For nearly three years, Republicans have attacked Attorney General Eric H. Holder Jr. on national security and civil rights issues. For months, they have criticized him over a gun-trafficking investigation gone awry, with dozens of leaders calling for his resignation. Last week, more than 75 members of Congress co-sponsored a House resolution expressing “no confidence” in his leadership.
As Mr. Holder’s third year as attorney general draws to a close, no member of President Obama’s cabinet has drawn more partisan criticism. In an interview last week, Mr. Holder said he had no intention of resigning before the administration’s term was up, although he said he had made no decision about whether he would continue after 2012 should the president win re-election.
“I think that what I’m doing is right,” Mr. Holder said. “And election-year politics, which intensifies everything, is not going to drive me off that course.”

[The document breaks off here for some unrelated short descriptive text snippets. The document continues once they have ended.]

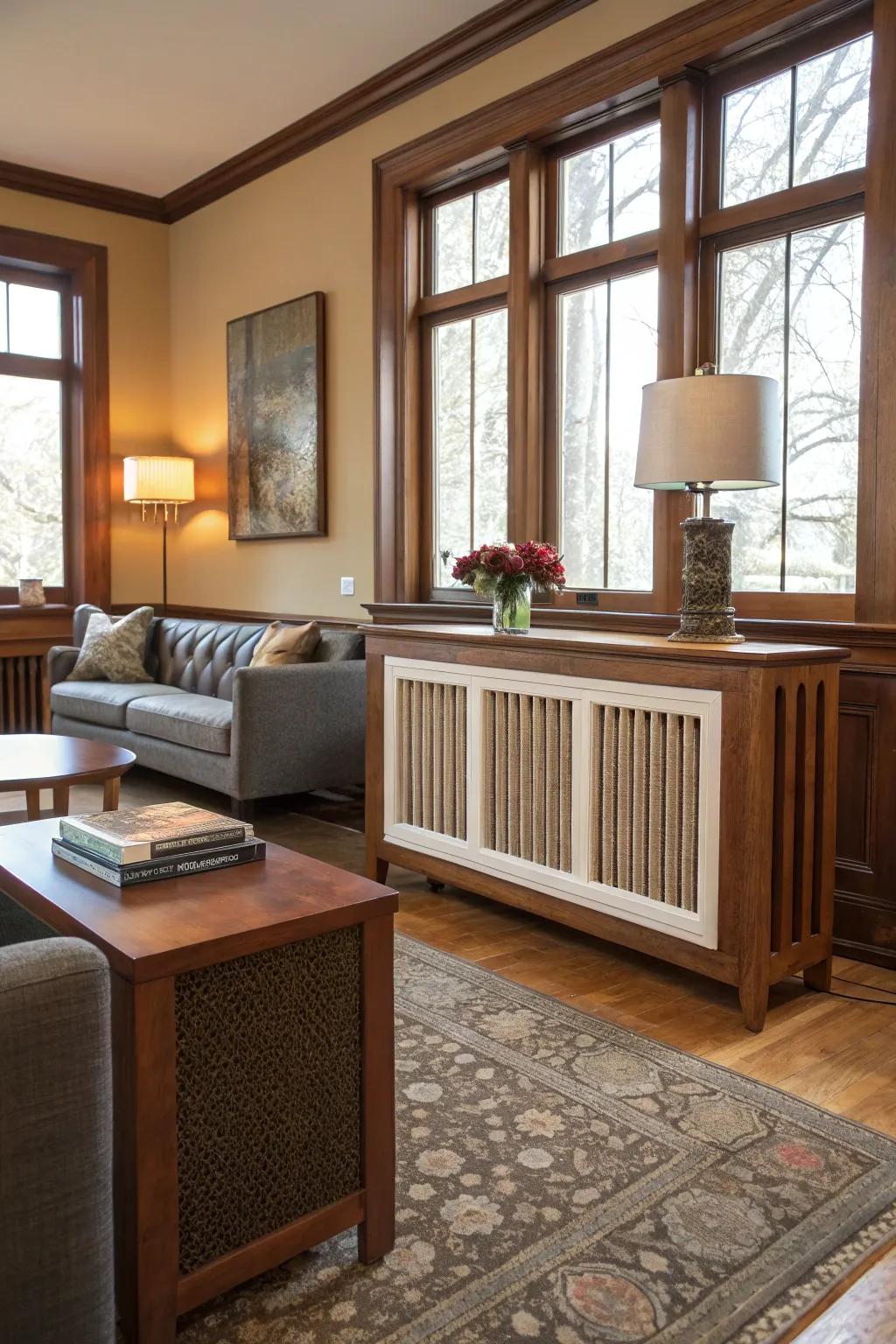 A modern century living space with a fashionable radiator shield.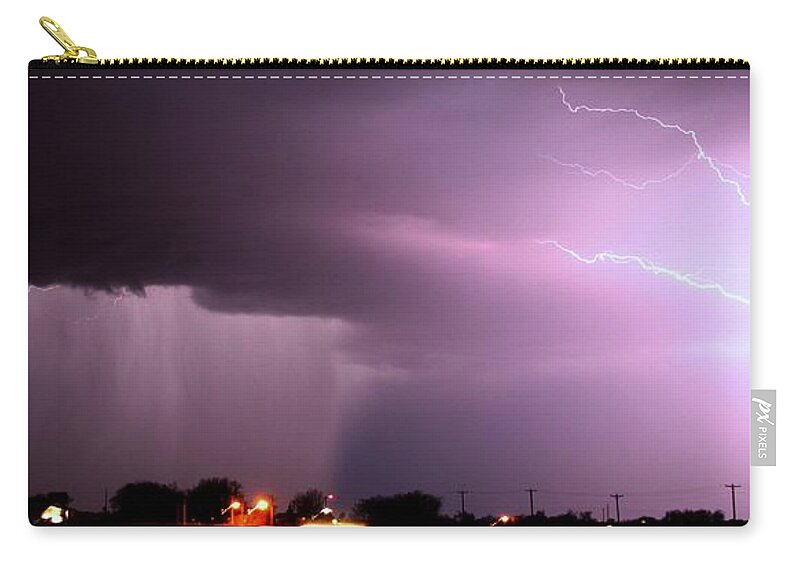 Stormscape Zip Pouch featuring the photograph Late Evening Nebraska Thunderstorm #11 by NebraskaSC
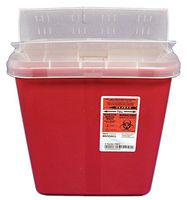 2 Gallon Red Sharps Container W/ horizontal-drop Lid Case of 20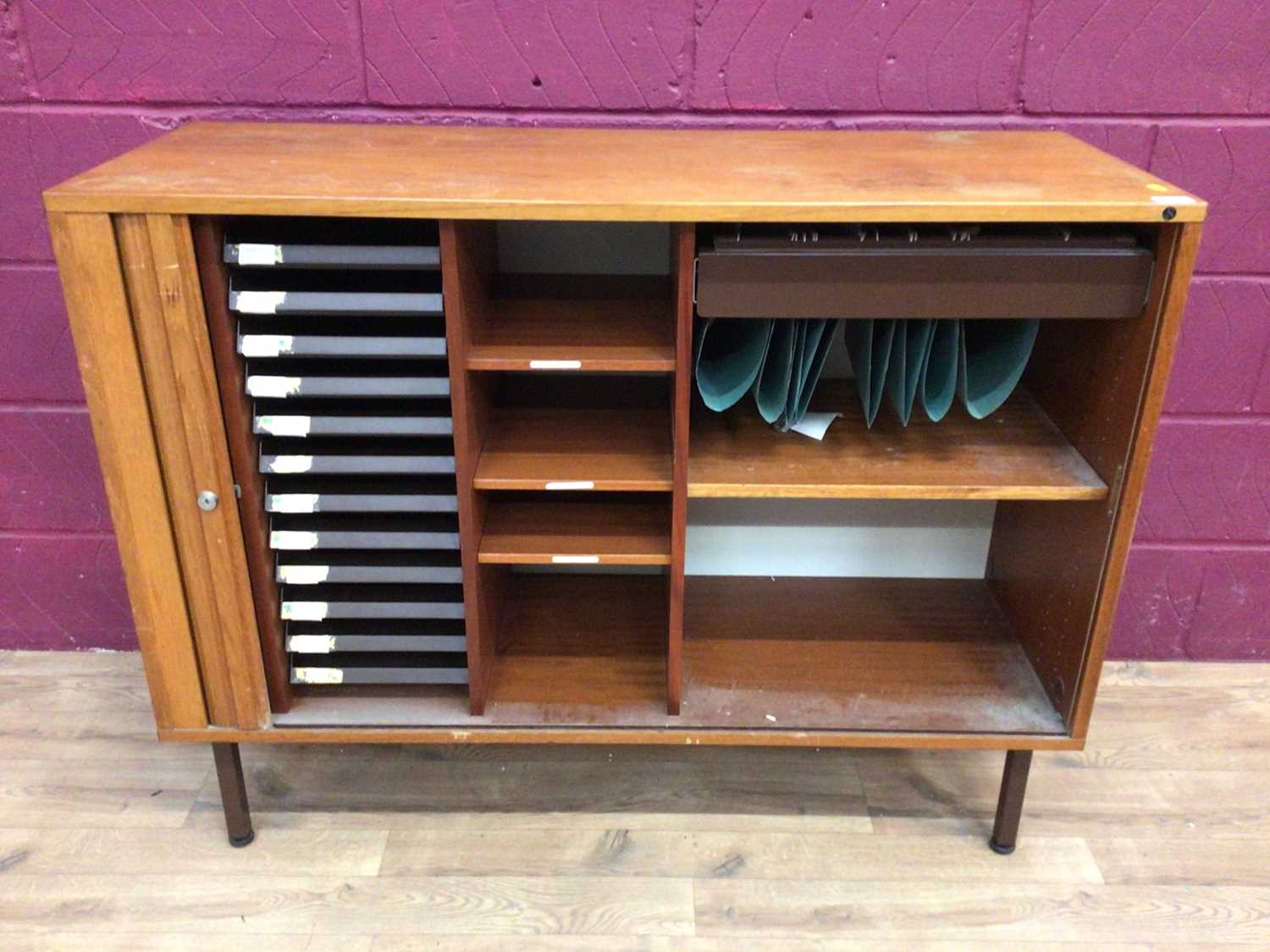 Mid 20th century Danish Nipu tambour cupboard, 120cm wide, 45cm deep, 92.5cm high - Image 5 of 7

But Mr. Holder contended that many of his other critics — not only elected Republicans but also a broader universe of conservative commentators and bloggers — were instead playing “Washington gotcha” games, portraying them as frequently “conflating things, conveniently leaving some stuff out, construing things to make it seem not quite what it was” to paint him and other department figures in the worst possible light.
Of that group of critics, Mr. Holder said he believed that a few — the “more extreme segment” — were motivated by animus against Mr. Obama and that he served as a stand-in for him. “This is a way to get at the president because of the way I can be identified with him,” he said, “both due to the nature of our relationship and, you know, the fact that we’re both African-American.”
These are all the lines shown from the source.